Affiliation:
1. Energy & Environmental Research Center
2. Melzer Consulting
Abstract
Abstract
Efforts to increase Bakken oil recovery factors above a few percent could include carbon dioxide (CO2) enhanced oil recovery (EOR). CO2 EOR processes are expected to be very different in tight reservoirs compared to conventional reservoirs. During CO2 EOR in conventional reservoirs, CO2 flows through the permeable rock matrix, and oil is mobilized by a combination of oil swelling, reduced viscosity, hydrocarbon stripping, and CO2 displacement especially when above the minimum miscibility pressure. In the Bakken, CO2 flow will be dominated by fracture flow, and not significantly through the rock matrix. Fracture-dominated CO2 flow could essentially eliminate the displacement mechanisms responsible for increased recovery in conventional reservoirs. As such, other mechanisms must be optimized in tight reservoirs such as the Bakken.
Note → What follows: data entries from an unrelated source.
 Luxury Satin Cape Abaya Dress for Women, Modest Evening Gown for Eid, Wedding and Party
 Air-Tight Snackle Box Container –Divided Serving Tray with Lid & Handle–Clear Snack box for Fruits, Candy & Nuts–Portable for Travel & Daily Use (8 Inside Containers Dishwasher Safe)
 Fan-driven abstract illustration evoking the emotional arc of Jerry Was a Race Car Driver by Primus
Conceptual steps for the Bakken include: (1) CO2 flows into and through the fractures, (2) unfractured rock matrix is exposed to CO2 at fracture surfaces, (3) CO2 permeates the rock driven by pressure, carrying some hydrocarbon inward; however, the oil is also swelling and extruding some oil out of the pores, (4) oil migrates to the bulk CO2 in the fractures via swelling and reduced viscosity, and (5) as the CO2 pressure gradient gets smaller, oil production is slowly driven by concentration gradient diffusion from pores into the bulk CO2 in the fractures.
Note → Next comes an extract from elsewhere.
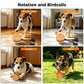 Dog training toy ball on braided rope with blue bristle tassels, orange patterned ball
To investigate these concepts, rock samples from the Middle Bakken (low permeability), Upper and Lower Bakken (very low permeability), and a conventional reservoir (high permeability) were exposed to CO2 at Bakken conditions of 110°C and 5000 psi (230°F, 34.5 MPa) to determine the effects of CO2 exposure time on hydrocarbon production. Varying geometries of each rock ranging from small (mm) "chips" to 1 cm-diameter rods were exposed for up to 96 hours, and mobilized hydrocarbons were collected for analysis. Nearly complete (>95%) hydrocarbon recovery occurs in hours from the middle Bakken reservoir rock, and even faster with the more permeable conventional matrices. Unexpectedly, nearly complete recovery of hydrocarbons can even be achieved from the very tight source shales from the Lower and Upper Bakken, but requires longer exposure times and smaller rock sample sizes (i.e., high surface area to volume ratio). These results demonstrate that CO2 is capable of recovering hydrocarbons from Bakken source and reservoir rock (i.e., the thermodynamics of CO2 oil recovery are favorable), but that long periods of exposure combined with high rock surface areas are required (i.e., the kinetics of the recovery process are slow). The present study reports experimental methods and the resultant data to investigate the proposed mechanisms that will control CO2 EOR in tight formations. Implications for CO2 EOR processes in unconventional reservoirs are discussed.